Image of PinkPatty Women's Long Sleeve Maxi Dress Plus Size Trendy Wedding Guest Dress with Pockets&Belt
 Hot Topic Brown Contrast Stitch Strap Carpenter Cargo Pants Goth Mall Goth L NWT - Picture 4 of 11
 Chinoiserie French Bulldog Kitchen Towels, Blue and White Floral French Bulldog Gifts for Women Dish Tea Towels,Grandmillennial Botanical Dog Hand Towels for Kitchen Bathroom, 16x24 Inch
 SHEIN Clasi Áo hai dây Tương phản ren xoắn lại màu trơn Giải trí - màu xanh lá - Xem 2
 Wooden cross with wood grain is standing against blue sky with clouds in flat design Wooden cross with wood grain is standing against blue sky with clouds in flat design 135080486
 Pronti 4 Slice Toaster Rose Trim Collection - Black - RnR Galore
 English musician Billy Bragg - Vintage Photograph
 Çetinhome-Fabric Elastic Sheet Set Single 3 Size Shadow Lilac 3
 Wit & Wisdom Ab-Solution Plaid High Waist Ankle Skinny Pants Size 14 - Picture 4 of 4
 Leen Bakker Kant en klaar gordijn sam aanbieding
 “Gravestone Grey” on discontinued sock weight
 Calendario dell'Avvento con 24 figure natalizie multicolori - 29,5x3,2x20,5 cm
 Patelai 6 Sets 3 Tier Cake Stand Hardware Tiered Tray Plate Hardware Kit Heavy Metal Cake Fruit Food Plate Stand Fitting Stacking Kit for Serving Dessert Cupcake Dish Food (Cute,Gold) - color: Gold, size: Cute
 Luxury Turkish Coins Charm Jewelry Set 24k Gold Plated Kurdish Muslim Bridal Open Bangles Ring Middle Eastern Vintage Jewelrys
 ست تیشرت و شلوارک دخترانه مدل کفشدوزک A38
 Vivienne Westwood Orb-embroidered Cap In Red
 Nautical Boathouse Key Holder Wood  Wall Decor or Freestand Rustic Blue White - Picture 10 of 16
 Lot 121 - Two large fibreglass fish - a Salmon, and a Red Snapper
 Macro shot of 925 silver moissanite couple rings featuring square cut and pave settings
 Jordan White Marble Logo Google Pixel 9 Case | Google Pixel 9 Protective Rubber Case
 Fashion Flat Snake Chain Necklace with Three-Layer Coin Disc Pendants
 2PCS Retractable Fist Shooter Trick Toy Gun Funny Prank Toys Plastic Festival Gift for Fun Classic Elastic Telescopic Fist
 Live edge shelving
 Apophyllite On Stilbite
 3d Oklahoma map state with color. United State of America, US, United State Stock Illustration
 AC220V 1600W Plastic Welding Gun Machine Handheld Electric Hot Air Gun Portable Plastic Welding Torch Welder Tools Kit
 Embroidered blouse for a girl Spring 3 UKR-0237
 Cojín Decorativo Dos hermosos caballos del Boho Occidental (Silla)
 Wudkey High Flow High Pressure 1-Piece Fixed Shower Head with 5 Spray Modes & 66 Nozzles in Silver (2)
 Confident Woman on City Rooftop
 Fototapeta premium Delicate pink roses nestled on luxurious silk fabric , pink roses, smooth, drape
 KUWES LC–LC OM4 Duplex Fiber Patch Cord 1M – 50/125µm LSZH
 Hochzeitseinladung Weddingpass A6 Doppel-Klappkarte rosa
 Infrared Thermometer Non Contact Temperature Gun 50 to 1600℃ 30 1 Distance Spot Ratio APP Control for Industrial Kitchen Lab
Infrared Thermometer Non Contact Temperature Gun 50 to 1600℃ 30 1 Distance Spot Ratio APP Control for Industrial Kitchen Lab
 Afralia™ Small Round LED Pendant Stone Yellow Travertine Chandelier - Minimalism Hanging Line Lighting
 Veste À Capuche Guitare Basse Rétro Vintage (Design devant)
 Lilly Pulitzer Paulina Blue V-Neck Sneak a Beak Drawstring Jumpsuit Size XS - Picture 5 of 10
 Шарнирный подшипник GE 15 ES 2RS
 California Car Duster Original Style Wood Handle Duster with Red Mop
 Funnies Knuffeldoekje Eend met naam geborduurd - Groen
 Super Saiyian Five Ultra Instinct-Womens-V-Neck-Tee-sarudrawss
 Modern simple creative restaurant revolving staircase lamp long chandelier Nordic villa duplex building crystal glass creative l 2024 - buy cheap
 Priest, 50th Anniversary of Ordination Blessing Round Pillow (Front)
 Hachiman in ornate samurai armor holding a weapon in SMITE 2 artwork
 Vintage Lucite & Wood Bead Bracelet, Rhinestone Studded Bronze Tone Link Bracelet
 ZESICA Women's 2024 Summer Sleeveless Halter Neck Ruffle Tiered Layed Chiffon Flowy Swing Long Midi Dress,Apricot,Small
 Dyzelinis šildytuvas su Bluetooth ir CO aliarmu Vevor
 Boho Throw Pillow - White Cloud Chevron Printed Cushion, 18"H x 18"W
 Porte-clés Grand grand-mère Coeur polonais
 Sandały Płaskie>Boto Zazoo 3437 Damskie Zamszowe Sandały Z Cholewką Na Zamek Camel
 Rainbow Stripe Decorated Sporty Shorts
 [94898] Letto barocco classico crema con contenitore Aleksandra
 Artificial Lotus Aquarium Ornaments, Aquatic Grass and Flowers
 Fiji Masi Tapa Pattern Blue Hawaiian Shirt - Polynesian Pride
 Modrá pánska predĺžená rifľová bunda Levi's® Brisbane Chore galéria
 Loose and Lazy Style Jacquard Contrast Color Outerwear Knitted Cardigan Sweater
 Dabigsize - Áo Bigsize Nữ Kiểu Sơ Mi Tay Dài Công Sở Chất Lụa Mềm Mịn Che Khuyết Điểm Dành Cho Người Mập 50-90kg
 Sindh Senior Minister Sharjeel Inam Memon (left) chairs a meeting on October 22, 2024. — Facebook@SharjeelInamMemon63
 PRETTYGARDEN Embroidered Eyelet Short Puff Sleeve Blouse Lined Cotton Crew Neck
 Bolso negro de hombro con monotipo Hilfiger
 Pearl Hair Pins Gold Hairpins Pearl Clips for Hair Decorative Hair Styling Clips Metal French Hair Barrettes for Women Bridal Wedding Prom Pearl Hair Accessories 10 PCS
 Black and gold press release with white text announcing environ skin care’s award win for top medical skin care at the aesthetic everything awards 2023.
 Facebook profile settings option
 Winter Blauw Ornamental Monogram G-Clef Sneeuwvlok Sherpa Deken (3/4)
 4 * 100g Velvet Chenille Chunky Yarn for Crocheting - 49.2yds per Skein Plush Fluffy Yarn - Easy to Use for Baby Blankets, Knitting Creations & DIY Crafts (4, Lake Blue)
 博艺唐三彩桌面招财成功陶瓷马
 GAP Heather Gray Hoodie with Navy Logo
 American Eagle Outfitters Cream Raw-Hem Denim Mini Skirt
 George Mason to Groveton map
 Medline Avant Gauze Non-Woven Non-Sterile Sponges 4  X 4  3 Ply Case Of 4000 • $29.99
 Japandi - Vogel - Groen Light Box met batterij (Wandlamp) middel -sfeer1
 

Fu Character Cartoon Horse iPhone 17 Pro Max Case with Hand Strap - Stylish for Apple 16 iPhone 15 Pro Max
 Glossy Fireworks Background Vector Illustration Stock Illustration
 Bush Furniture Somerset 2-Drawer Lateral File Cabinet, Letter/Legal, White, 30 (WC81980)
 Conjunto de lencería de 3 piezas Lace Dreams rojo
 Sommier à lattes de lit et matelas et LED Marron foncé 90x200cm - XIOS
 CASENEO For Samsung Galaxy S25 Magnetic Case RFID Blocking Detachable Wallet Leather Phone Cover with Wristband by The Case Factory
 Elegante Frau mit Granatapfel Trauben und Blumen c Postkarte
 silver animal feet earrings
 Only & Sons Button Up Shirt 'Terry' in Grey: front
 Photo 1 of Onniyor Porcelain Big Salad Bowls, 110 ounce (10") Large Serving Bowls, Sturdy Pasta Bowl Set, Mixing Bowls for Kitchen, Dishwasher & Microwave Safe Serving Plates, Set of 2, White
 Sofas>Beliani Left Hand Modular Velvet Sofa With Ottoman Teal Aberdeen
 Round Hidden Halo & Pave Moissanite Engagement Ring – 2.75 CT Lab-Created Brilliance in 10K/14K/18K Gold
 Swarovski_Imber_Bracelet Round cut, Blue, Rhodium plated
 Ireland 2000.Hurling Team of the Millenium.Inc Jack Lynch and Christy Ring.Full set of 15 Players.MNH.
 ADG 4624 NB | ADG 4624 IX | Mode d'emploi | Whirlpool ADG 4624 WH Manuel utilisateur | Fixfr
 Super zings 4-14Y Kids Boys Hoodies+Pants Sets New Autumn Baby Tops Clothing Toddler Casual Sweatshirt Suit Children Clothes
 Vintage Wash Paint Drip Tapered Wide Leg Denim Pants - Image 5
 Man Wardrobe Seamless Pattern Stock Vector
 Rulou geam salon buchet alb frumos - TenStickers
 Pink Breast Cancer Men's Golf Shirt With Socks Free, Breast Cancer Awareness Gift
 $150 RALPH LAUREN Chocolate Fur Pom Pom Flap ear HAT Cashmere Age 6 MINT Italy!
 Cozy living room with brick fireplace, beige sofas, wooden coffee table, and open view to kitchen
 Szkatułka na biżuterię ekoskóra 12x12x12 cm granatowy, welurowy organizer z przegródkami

> Brief: Would you please return every line in the listing where "Contrast" shows up?

> Answer section:
 Hot Topic Brown Contrast Stitch Strap Carpenter Cargo Pants Goth Mall Goth L NWT - Picture 4 of 11
 Loose and Lazy Style Jacquard Contrast Color Outerwear Knitted Cardigan Sweater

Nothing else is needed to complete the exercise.